Supplied information below:
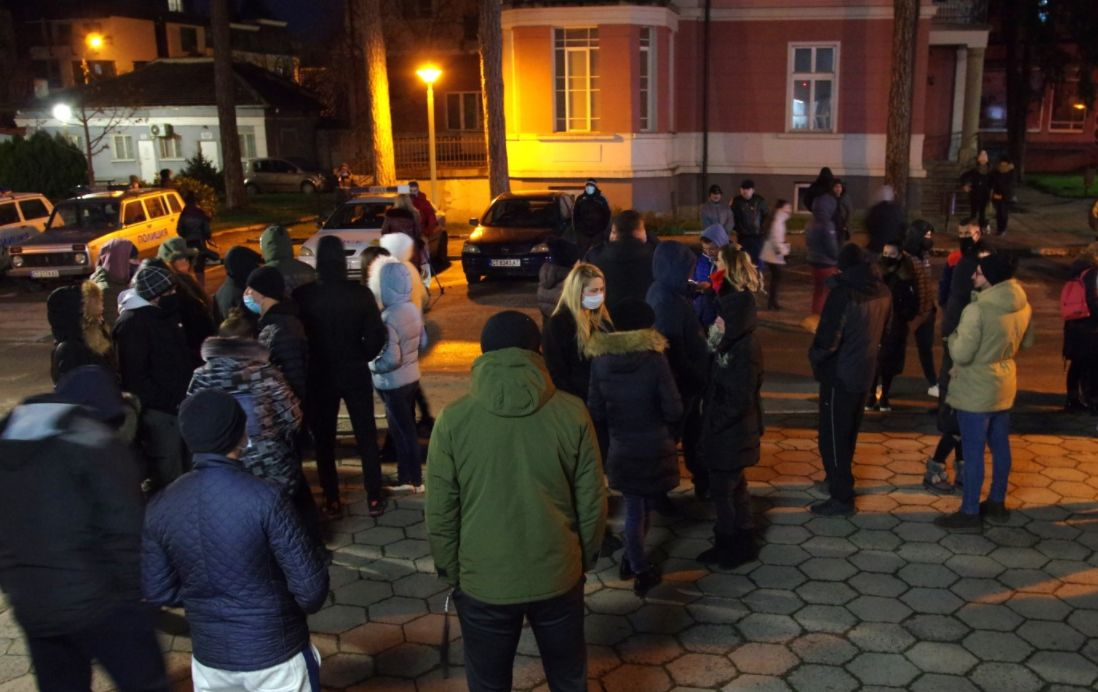 Казанлък брани полицаите от екшъна с дрогирания джигит Гудето 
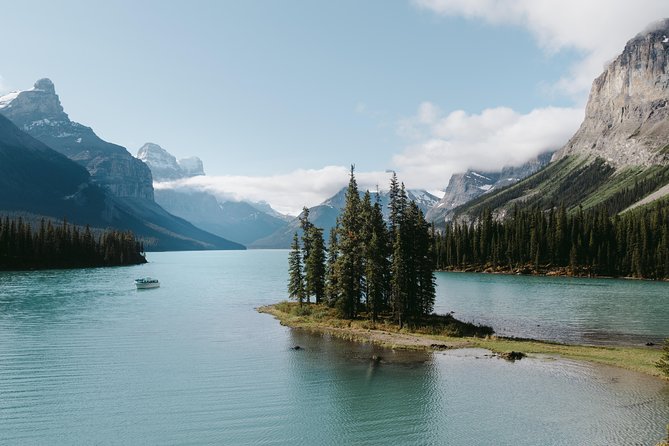 Explore Jasper Tour with Maligne Lake Cruise - One hour at Maligne Canyon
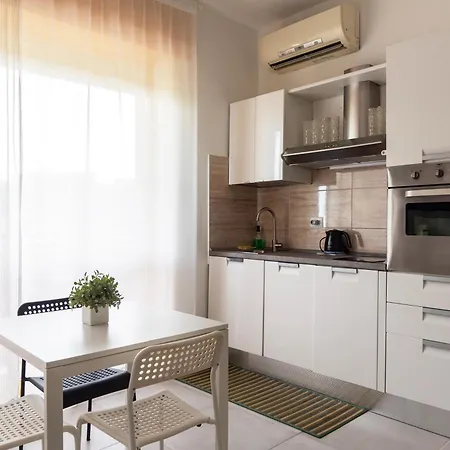 Youhosty - Paul Valery Ter Apartment *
End of Supplied information.
Repeat the whole listing above word for word, but keep any picture out of it.

 Казанлък брани полицаите от екшъна с дрогирания джигит Гудето 
 Explore Jasper Tour with Maligne Lake Cruise - One hour at Maligne Canyon
 Youhosty - Paul Valery Ter Apartment *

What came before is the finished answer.